§ ACTIVITY: Show all lines of the listing that hold the word "Blue".
[SOURCE MATERIAL]
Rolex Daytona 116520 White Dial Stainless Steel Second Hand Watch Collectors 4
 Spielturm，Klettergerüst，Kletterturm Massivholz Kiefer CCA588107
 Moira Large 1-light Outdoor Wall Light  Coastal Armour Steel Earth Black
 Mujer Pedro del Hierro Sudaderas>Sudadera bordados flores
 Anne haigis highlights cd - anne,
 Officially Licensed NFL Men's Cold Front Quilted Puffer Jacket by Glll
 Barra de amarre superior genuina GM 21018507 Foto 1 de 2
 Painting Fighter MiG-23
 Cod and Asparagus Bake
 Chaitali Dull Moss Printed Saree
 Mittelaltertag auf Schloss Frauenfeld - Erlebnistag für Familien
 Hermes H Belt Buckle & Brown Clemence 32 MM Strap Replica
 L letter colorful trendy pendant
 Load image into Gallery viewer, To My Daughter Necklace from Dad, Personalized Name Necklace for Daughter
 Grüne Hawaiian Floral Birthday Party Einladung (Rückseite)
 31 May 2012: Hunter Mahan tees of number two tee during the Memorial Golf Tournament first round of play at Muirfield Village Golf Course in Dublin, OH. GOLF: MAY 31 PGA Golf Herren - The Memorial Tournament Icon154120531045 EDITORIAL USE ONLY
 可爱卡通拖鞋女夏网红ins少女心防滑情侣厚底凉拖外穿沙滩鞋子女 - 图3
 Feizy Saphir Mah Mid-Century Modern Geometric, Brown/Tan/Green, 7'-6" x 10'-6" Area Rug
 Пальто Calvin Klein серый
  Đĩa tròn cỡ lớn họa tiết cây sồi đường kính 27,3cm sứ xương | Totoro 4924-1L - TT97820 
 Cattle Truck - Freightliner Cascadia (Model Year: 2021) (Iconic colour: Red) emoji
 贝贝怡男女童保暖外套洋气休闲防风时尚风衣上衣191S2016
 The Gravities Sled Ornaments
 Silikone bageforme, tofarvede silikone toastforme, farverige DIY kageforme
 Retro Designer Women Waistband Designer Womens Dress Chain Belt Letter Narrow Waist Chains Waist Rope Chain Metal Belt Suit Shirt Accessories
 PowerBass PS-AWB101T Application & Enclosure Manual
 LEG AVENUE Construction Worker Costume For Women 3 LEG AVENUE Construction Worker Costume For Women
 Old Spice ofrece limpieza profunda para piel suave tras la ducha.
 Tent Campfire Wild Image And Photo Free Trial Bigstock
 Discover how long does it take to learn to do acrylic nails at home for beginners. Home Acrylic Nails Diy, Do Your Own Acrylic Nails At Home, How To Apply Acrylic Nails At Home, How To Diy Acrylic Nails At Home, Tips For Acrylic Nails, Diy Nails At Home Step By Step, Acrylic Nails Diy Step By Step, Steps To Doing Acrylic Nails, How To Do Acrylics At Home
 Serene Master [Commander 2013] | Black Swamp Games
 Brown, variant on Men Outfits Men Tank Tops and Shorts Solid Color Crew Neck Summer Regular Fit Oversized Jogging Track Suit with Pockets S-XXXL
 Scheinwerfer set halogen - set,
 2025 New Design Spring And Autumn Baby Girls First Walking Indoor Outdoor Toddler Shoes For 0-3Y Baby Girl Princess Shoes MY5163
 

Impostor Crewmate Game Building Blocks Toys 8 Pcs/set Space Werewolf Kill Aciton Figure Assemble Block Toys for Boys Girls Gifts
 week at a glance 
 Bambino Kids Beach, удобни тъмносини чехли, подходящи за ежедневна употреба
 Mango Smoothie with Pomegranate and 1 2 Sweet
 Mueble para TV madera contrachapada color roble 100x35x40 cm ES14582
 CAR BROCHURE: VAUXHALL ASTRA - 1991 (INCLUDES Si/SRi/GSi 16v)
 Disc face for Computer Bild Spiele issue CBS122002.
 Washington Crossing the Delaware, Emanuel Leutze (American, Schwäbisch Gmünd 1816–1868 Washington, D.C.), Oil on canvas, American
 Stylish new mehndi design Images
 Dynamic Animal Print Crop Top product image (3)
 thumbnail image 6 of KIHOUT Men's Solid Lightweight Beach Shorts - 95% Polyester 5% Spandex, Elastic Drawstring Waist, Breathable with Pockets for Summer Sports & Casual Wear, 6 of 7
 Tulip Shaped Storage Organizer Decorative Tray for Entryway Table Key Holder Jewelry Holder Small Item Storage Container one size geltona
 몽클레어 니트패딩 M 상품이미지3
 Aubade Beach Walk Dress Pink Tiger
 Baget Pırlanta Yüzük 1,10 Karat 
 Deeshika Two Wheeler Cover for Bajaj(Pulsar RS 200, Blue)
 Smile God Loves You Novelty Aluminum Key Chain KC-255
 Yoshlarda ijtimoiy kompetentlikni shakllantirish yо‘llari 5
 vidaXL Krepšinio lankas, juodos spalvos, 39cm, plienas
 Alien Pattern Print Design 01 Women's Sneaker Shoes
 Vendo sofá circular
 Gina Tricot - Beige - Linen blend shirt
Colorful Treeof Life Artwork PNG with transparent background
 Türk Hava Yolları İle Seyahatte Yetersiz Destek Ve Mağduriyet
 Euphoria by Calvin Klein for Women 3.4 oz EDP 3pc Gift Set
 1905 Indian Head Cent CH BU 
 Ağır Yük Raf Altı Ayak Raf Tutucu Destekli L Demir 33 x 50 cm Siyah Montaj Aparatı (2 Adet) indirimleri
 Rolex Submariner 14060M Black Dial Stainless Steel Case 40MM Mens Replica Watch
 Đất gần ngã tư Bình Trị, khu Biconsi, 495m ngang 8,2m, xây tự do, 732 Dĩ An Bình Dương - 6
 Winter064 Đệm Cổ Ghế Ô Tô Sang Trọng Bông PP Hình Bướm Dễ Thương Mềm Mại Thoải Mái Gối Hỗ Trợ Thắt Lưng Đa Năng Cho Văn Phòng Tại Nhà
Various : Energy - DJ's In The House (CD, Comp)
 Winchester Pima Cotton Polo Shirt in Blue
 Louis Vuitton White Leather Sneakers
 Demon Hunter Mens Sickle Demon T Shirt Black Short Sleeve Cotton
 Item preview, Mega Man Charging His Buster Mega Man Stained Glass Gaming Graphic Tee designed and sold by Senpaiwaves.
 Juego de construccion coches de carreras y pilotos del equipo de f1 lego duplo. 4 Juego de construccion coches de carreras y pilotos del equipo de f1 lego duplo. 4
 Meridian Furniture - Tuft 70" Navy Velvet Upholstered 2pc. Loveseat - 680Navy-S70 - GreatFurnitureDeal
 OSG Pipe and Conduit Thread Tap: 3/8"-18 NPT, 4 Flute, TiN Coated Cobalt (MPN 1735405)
[/SOURCE MATERIAL]
§ EXPECTED ANSWER:
 Deeshika Two Wheeler Cover for Bajaj(Pulsar RS 200, Blue)
 Winchester Pima Cotton Polo Shirt in Blue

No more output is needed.